Task objective: Provide a verbatim copy of all the records below, leaving the images out.

━━━━━ Data for this task

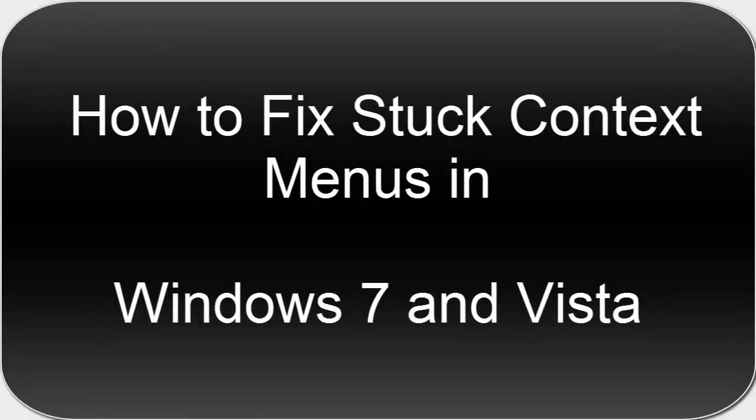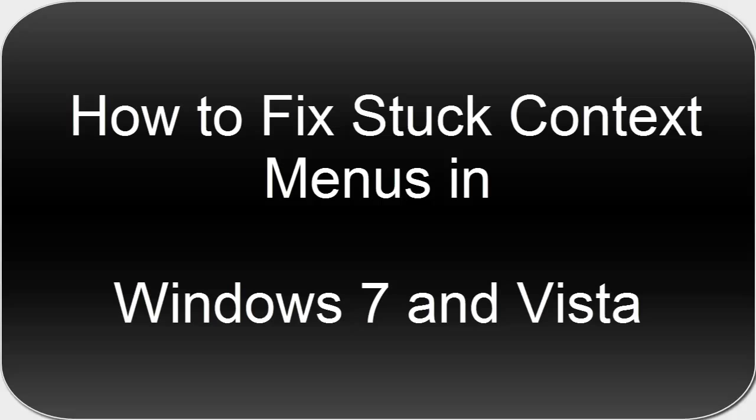Hello and welcome to another episode of Tech Help and today we're going to be fixing stuck context menus in Windows 7 and Windows Vista.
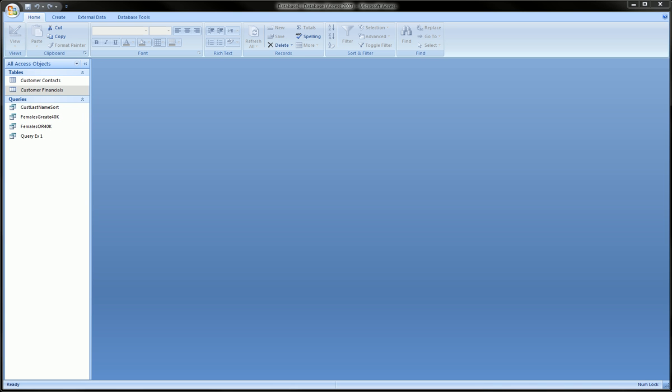Hi guys, today I'm going to do an introductory video on pivot charts in Microsoft Access.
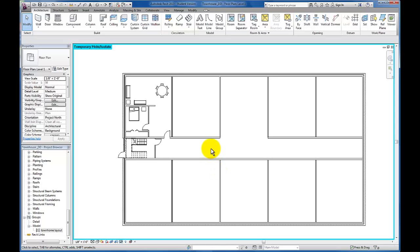In this video, we're going to take a look at the steps we need to take in order to create a group here in Revit.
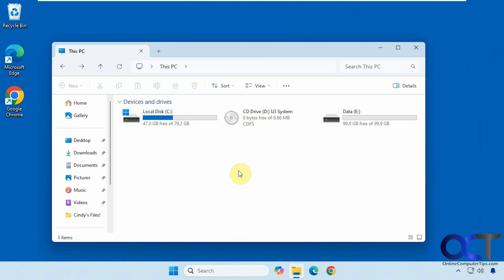In this video we're going to be talking about customizing your folder views and settings. This isn't a super advanced video, but if you've never gone through these options, it's always a good thing to do so, just to make sure that File Explorer is working the way you want, which will also make it easier to find your files and perform your daily tasks.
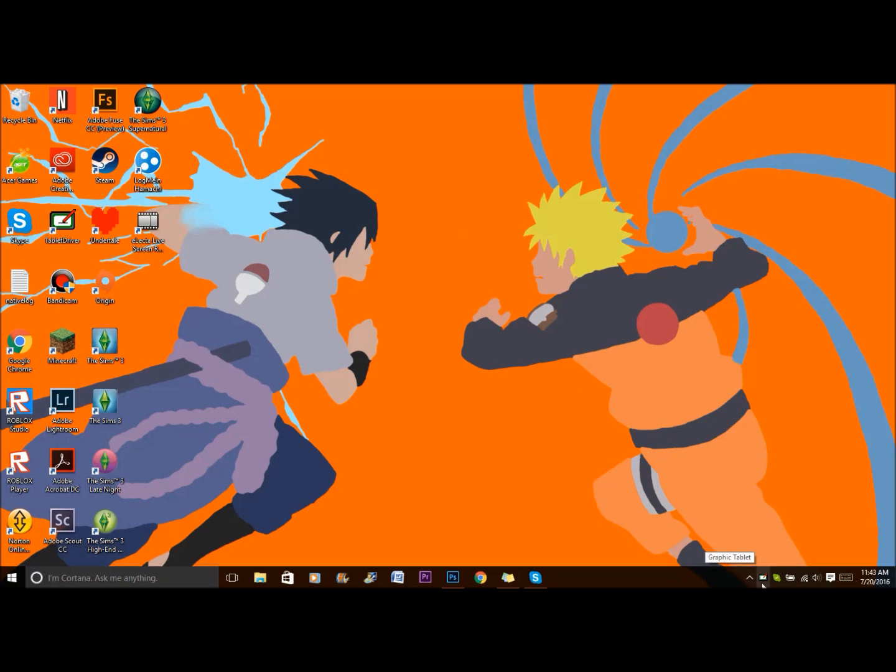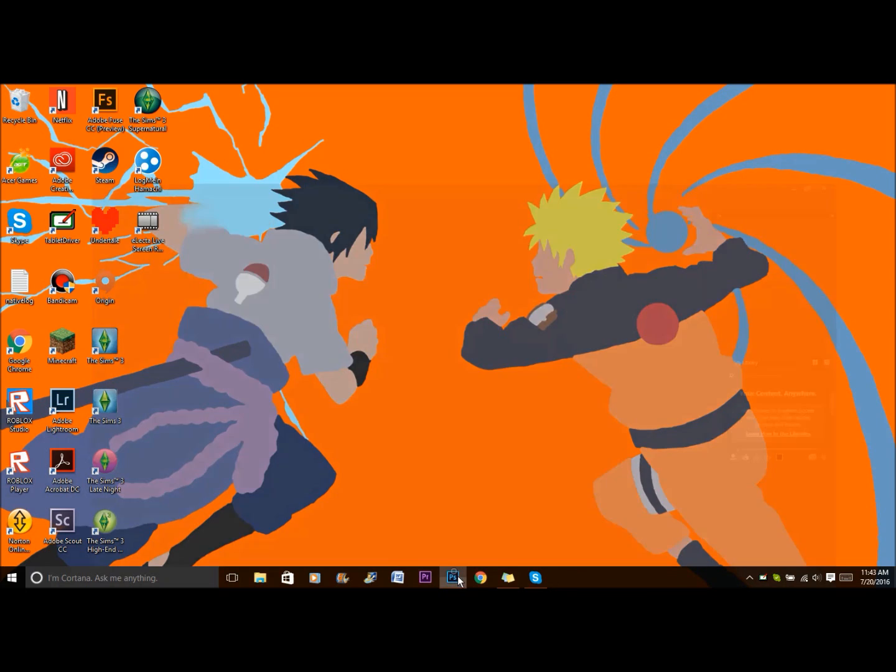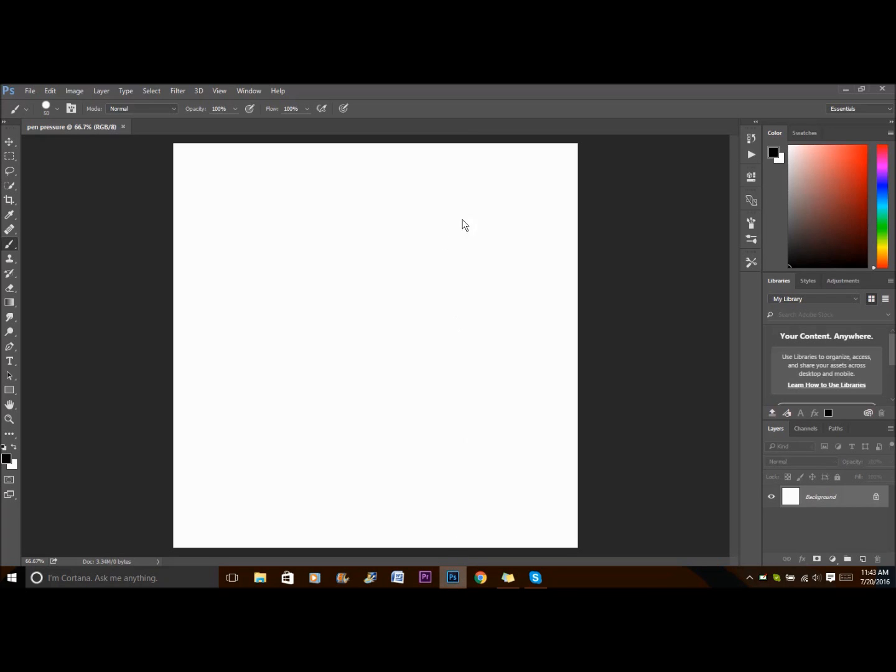So the first problem, which is what I had, is you're going to want to make sure your support tablet PC is on. Make sure to check that and hit apply and go ahead and reopen Photoshop and try it out.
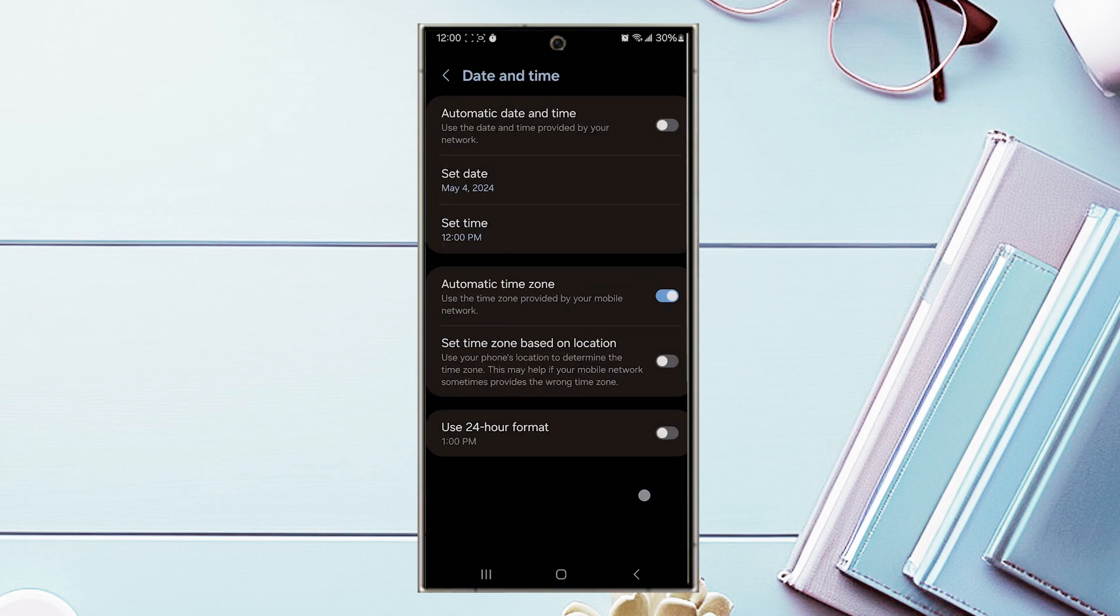From there, look for Use 24-hour format and you can use the toggle switch to turn on or off 24-hour format.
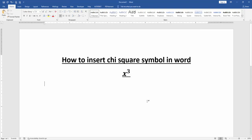Then we can see here we inserted the chi-square symbol very easily. I hope you enjoyed the video. Please like, comment, share and subscribe to my channel. Thanks for watching.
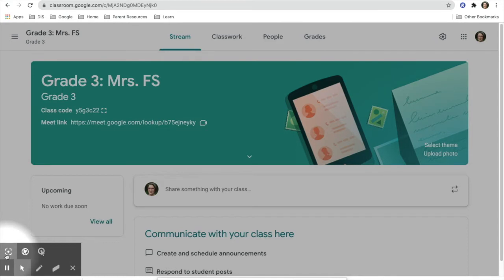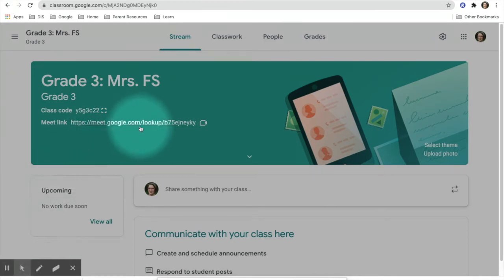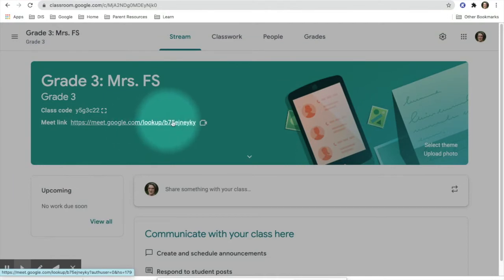When a teacher is ready to start their video conference with students, they will go to the actual link on top of their Google Classroom.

━━━━━━━━━━

Worked solution:
Hello and welcome to another episode of Tech Help and today we're going to be fixing stuck context menus in Windows 7 and Windows Vista.
Hi guys, today I'm going to do an introductory video on pivot charts in Microsoft Access.
In this video, we're going to take a look at the steps we need to take in order to create a group here in Revit.
In this video we're going to be talking about customizing your folder views and settings. This isn't a super advanced video, but if you've never gone through these options, it's always a good thing to do so, just to make sure that File Explorer is working the way you want, which will also make it easier to find your files and perform your daily tasks.
So the first problem, which is what I had, is you're going to want to make sure your support tablet PC is on. Make sure to check that and hit apply and go ahead and reopen Photoshop and try it out.
From there, look for Use 24-hour format and you can use the toggle switch to turn on or off 24-hour format.
Then we can see here we inserted the chi-square symbol very easily. I hope you enjoyed the video. Please like, comment, share and subscribe to my channel. Thanks for watching.
When a teacher is ready to start their video conference with students, they will go to the actual link on top of their Google Classroom.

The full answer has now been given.